Transcribe the records that follow exactly. Skip the pictures.

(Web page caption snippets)
---------------
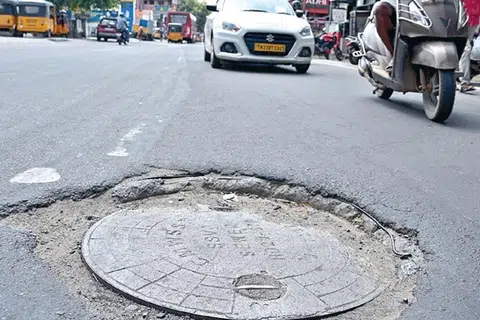 MOM Tells Firm to Stop Manhole-Cover Replacement Works After 2 Workers Injured in Flash Fire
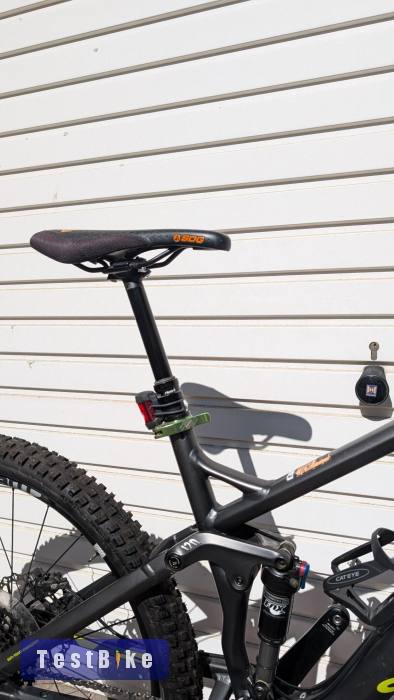Canyon Nerve AL 6.0 2015, 27.5" tubeless, váz "M", 11.5kg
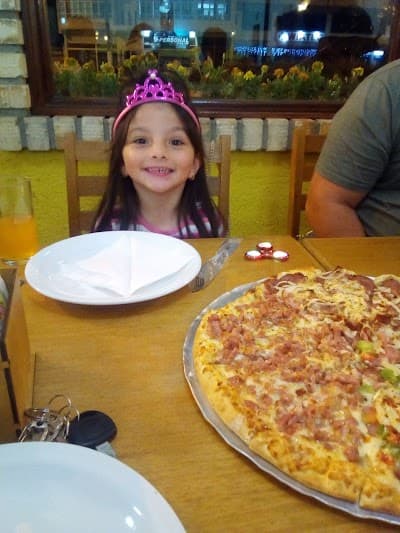 Pizzaria Quatro Queijos - Foto 6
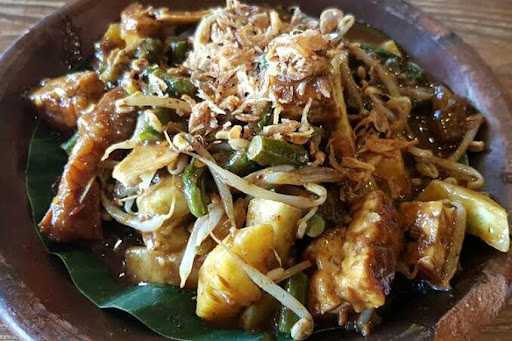 Rujak Cingur Mak Rodiyah 4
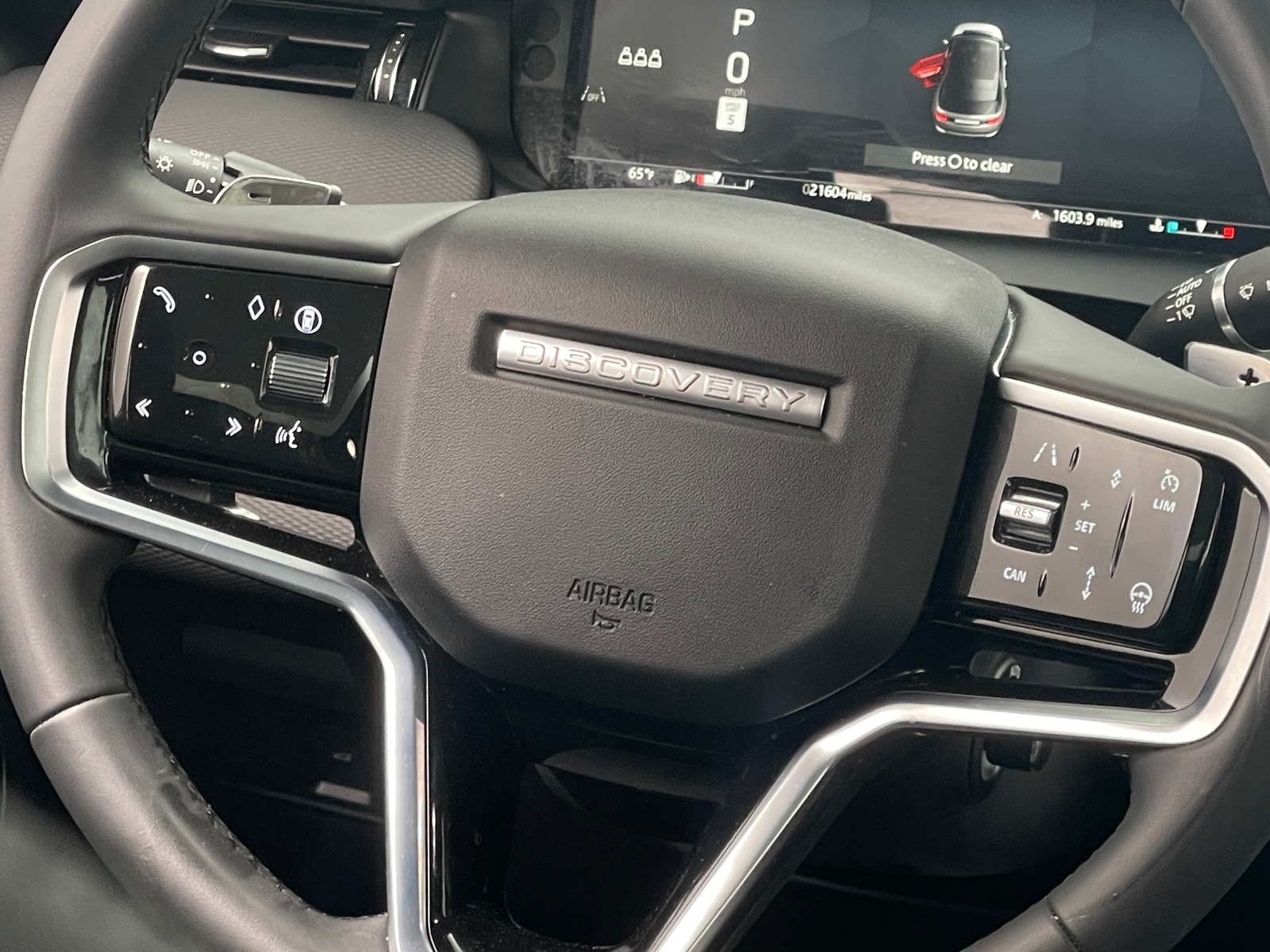 Thumbnail: 2024 Land Rover Discovery Sport - 4
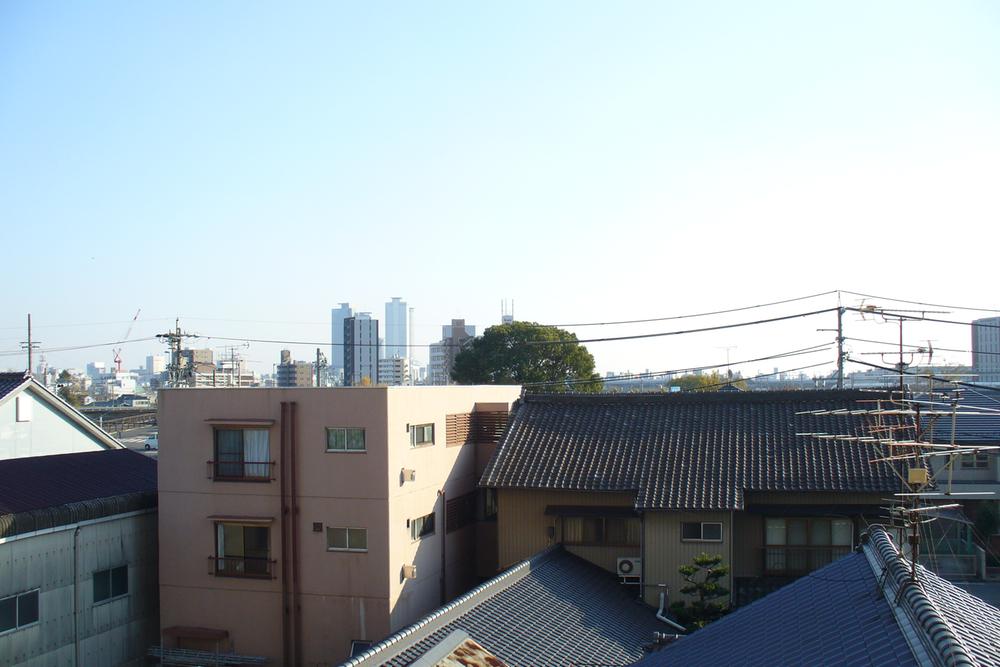 View photos from the dwelling unit.  ■ View from the site (December 2012) shooting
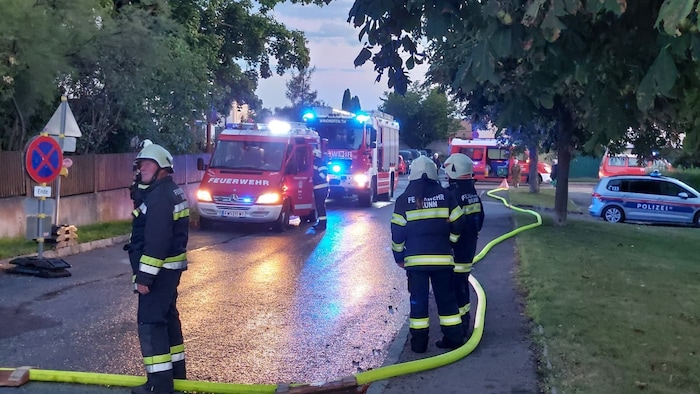 Die Florianis kämpften gegen die Flammen, während sie gleichzeitig die Personen im Haus ...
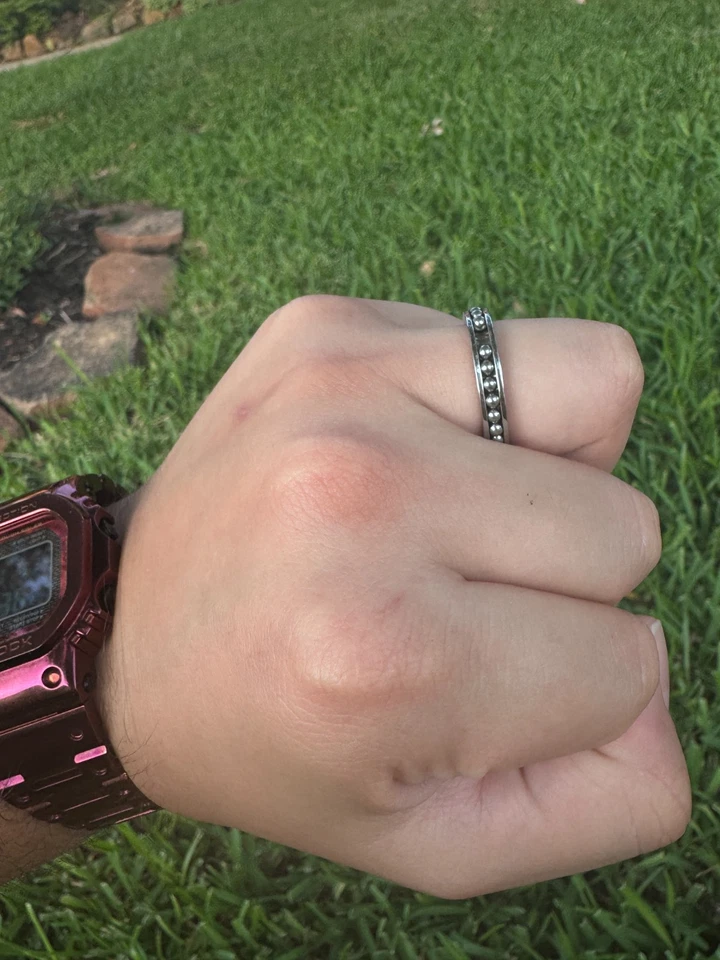 Anillo inquieto para ansiedad y TDAH | Anillo de movimiento ultra delgado Foto 3 de 4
---------------
# [Reply]
 MOM Tells Firm to Stop Manhole-Cover Replacement Works After 2 Workers Injured in Flash Fire
Canyon Nerve AL 6.0 2015, 27.5" tubeless, váz "M", 11.5kg
 Pizzaria Quatro Queijos - Foto 6
 Rujak Cingur Mak Rodiyah 4
 Thumbnail: 2024 Land Rover Discovery Sport - 4
 View photos from the dwelling unit.  ■ View from the site (December 2012) shooting
 Die Florianis kämpften gegen die Flammen, während sie gleichzeitig die Personen im Haus ...
 Anillo inquieto para ansiedad y TDAH | Anillo de movimiento ultra delgado Foto 3 de 4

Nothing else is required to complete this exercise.